More candidates are expected to join in the fray before the closing date on 10 November. Application Forms are available HERE.
If you are a resident of Penang, have you also registered as a voter for these elections? Just email aliran (at) streamyx (dot) com and provide your name and contact details.
No one knows what to expect at these elections, but we hope that the collective wisdom of the people will result in the right candidates.
Some common questions and answers:
What is the structure of the local council?
Have a look at the MPPP or MPSP website for the structure.
Who will the councillors report to?
Under the present system, which is far from satisfactory, those who are political party appointees would report to their respective parties. NGO-nominated canddiates could give feedback to the NGOs they are involved in and give talks and feedback whenever requested. They could also inform the rakyat via press statements and speeches.
What do councillors do and what authority do they have?

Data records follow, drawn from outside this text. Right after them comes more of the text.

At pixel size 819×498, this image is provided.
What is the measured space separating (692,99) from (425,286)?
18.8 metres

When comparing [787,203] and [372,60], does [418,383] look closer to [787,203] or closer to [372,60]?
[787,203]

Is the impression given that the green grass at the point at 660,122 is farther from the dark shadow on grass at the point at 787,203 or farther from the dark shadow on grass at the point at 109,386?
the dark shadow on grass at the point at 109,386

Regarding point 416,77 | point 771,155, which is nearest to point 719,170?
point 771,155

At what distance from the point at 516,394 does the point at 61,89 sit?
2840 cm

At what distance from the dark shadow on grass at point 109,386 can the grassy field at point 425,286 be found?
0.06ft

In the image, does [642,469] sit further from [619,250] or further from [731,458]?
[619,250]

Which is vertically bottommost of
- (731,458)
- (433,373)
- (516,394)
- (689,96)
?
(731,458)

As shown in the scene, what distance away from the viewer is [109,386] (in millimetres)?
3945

In brief, councillors are the decision makers on the policies and directions of the council, and they consider applications for planning/building approvals. They are the bridge between the council staff and the people. They are responsible for the direction of the council: what to emphasise, what policy to adopt in respect of urban services and planning, and how to manage the money collected from ratepayers. They also follow up with MPPP staff to make sure decisions are carried out expeditiously.

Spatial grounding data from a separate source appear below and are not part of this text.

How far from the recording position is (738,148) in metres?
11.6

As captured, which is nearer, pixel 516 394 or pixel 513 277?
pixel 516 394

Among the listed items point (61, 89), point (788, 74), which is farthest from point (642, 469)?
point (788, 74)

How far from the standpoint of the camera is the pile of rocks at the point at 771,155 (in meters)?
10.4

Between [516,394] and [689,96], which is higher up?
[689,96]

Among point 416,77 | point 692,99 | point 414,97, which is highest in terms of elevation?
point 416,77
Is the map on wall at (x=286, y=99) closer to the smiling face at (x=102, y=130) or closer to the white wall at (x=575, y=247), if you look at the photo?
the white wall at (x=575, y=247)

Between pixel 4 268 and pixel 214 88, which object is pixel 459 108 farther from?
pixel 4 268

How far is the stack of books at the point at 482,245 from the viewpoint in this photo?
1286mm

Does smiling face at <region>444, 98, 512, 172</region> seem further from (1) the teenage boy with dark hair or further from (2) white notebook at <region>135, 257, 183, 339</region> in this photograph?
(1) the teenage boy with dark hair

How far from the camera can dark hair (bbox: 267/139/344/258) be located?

Councillors are also expected to attend meetings, read the minutes, give suggestions and ideas, and go on site visits. At the end of the day, councillors are there to ensure that the councils efficiently serve the rakyat especially those who are already disadvantaged, e.g. persons with disabilities and the poor, and enable them to live in a sustainable environment that is not congested and polluted.
How much are councillors paid and who pays them?
Counicllors are given an allowance of RM700 per month and for every official meeting, an allowance of RM50 is paid. The money comes from the revenue collected by council from assessments, fines, application fees, etc. You can check out the the council budgets on the MPPP and MPSP websites.